When I first heard the announcement of this film, I was skeptical that it would be anything more than a cash grab, riding on the coattails of Monster’s Inc. Animated sequels and prequels have done this before, more often than not feeling tired and inferior in quality. Focusing on the early years of Mike Wazowski and James P. Sullivan, we are given an origin story that surprised me. It is a tale full of heart, resonating with audiences of all ages. We watch the two leads navigate university life, amongst a backdrop that introduces fun, quirky characters, fleshing out the world of monsters and looking at friendship and identity, in a way that feels new and exciting. Sure, it is the typical college experience movie in some sense, fitting easily into the established Hollywood genre, yet somehow, by surrounding itself with the comedy and heart of the Monsters Inc world, it manages to deliver.
Friendship is the core theme of Monsters University, looking at the importance of forming bonds.

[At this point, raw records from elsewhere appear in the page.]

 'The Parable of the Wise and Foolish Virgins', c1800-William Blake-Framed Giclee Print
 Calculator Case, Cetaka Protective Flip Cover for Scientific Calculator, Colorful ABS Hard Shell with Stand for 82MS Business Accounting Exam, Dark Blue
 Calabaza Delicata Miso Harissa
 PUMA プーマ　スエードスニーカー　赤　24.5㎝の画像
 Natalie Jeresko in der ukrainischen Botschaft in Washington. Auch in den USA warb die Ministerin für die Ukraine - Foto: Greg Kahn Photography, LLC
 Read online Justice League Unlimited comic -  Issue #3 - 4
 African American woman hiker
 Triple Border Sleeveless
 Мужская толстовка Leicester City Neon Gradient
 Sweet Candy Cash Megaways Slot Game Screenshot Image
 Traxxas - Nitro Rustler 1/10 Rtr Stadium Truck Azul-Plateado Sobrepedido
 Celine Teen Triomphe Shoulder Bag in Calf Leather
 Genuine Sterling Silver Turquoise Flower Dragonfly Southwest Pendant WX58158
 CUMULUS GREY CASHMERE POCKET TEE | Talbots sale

It pits Sulley and Mike against each other as rivals before allowing them to naturally grow closer through their shared experiences. This builds up until the finale of the film has our characters grow into those they were at the start of the original. It is a tale of motivation and overcoming odds, but it is also a tale of self discovery. Our characters are taken on a journey of identification, finding out who they are, and we’re along for the ride.
We see each student bring something to the table. We see the main pair overcome the expectations of their society as well as becoming valued in the world that they so desperately wish to become a part of. They are taught that despite their failures, the determination that they have for their goals can spur them on, a message to the viewer to never give up. It is a story of growth that is a far cry from the themes of the original, yet plays homage none the less.
We understand diversity and the overcoming of stereotypical differences, allowing each monster, no matter the shape or size, to shine, with all of the core cast being valued in their abilities. This allows audiences young and old to remember not to judge based on appearance and to look at the bigger picture. This calls back to a theme of Monsters Inc. The monsters aren’t scary, they are just misunderstood. University is a place of finding oneself, a place of guidance and discovery, through hard work and determination, and this film, coupled with gorgeous animation, manages to put that point across in great strength.
Many may look at Monsters University and see nothing more than a poor attempt to cash in on a much beloved animated film, but when you open the door to the themes of this piece, we start to see a lot deeper than just a scary exterior. We see friendship, identity and themes of resilience, aspects of the human condition that we crave for as we make our way in the world, and that is what Monsters University is. It is a study into how we find ourselves, how we make our way in the world, and how important it is to be ourselves when we do it.